(Entries taken from a collection)
BEGIN
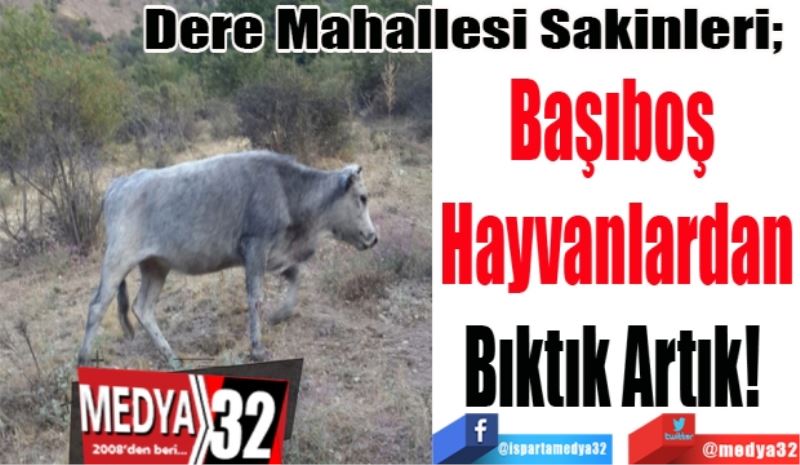 Dere Mahallesi Sakinleri; 
Başıboş 
Hayvanlardan
Bıktık Artık! 
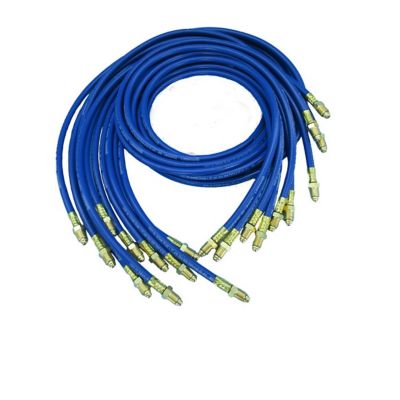 Image showing  Argon/Inert Hose Assembly, 1/4 in. Diameter, 10 ft. Length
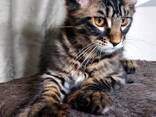 Maine Coon cinsi yavru kediler. Tamamlanmış evrak paketi. Mükemmel soyağacı. - photo 2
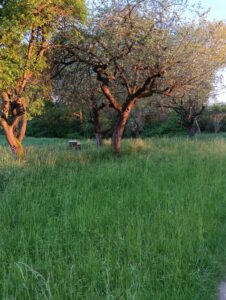 Rheinauen-Imker Klaus Berbner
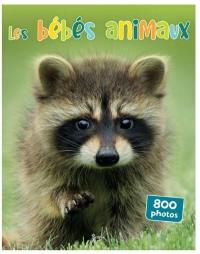 Les bébés animaux : 800 photos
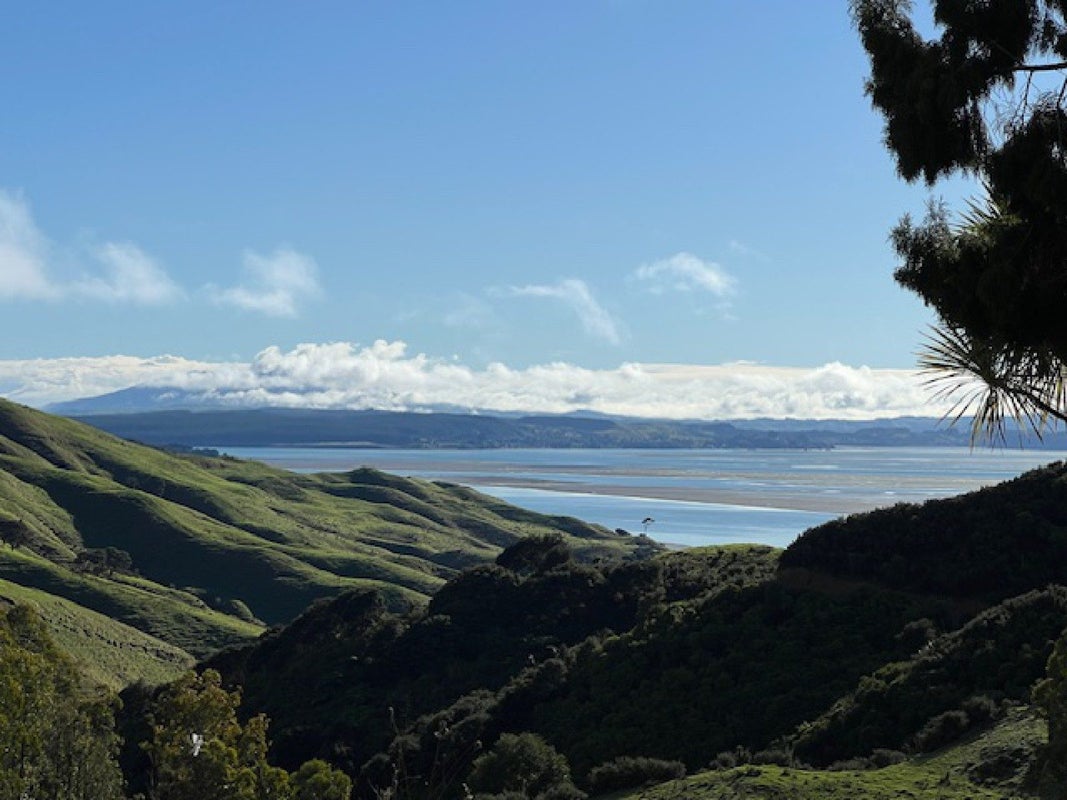 0 Whakapirau Rd, Whakapirau, Maungaturoto - Carousel 1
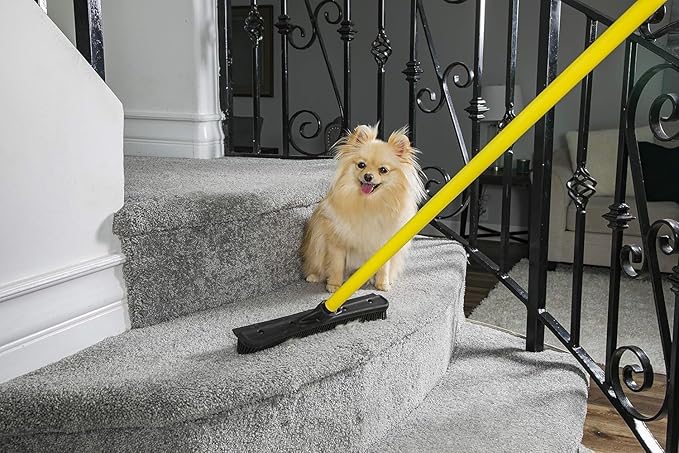 FURemover Original Pet Hair Rubber Broom with Squeegee, with 58” Telescopic Handle for Carpet, Tile and Hardwood and Handheld Lint Brush Combo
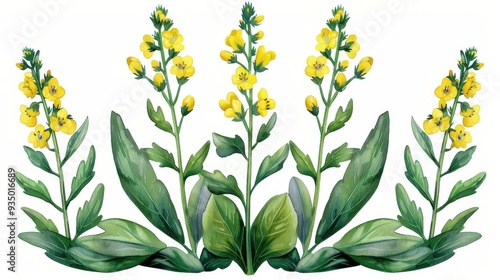 Fototapeta Naklejka Na Ścianę i Meble -  Discover the beauty of the common mullein plant, illustrated in stunning watercolor, highlighting its delicate flowers. A perfect blend of art and nature.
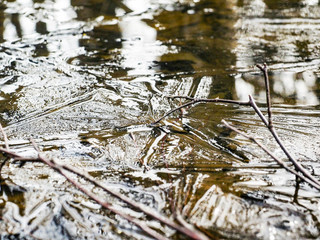 Frozen water with beautiful pattern on thin ice at winter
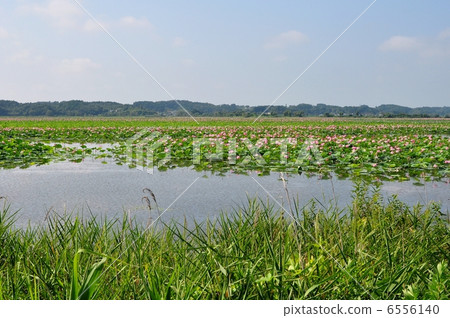 Lot of Izunuma 6556140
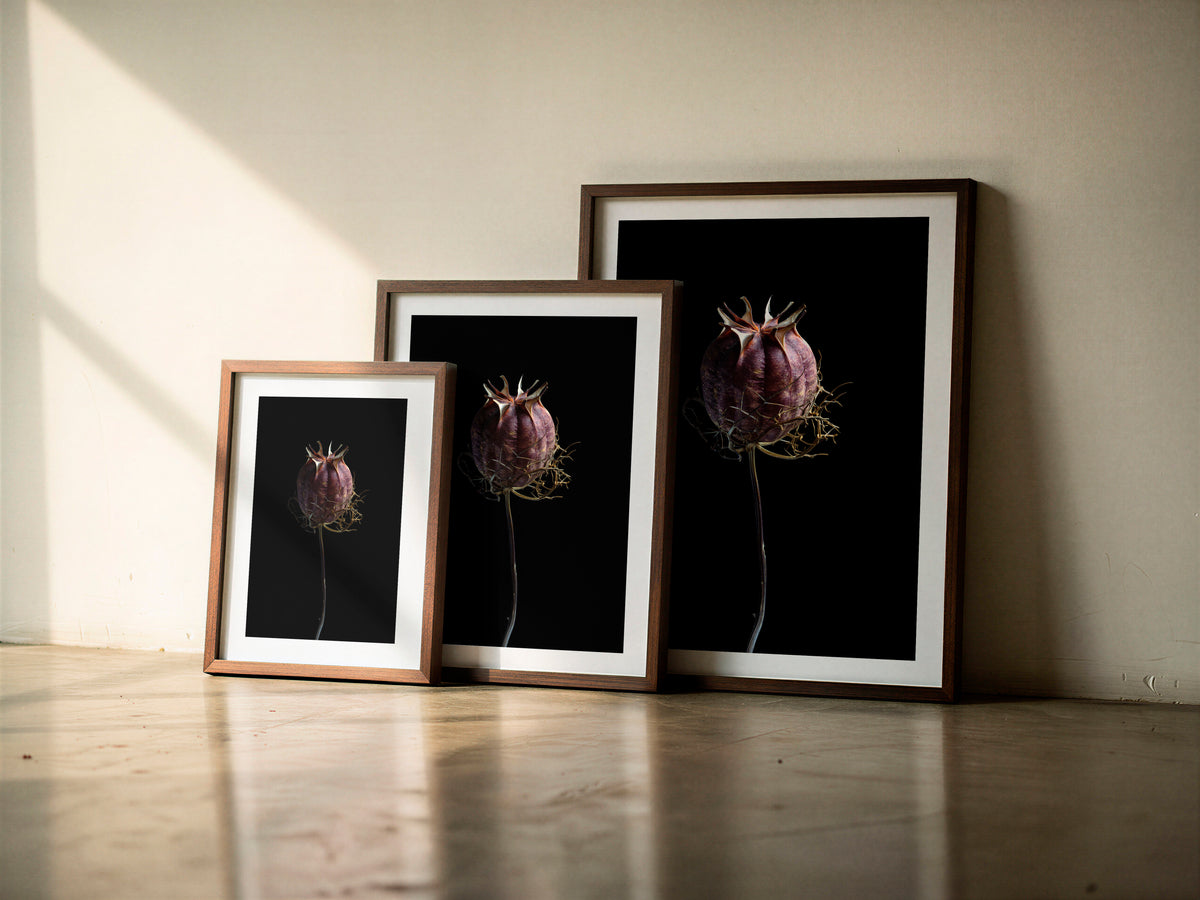Tirage d'art Macro Life 7: capsule de graines séchée, pourpre lie-de-vin profond, sur fond noir, présenté encadré en trois formats à titre d'illustration. Le cadre n'est pas inclus à l'achat.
END
Problem details →
With the pictures left out, output the lines from the one containing "Lot of Izunuma 6556140" through the last line of the records above, exactly as they are.

Exercise response →
 Lot of Izunuma 6556140
Tirage d'art Macro Life 7: capsule de graines séchée, pourpre lie-de-vin profond, sur fond noir, présenté encadré en trois formats à titre d'illustration. Le cadre n'est pas inclus à l'achat.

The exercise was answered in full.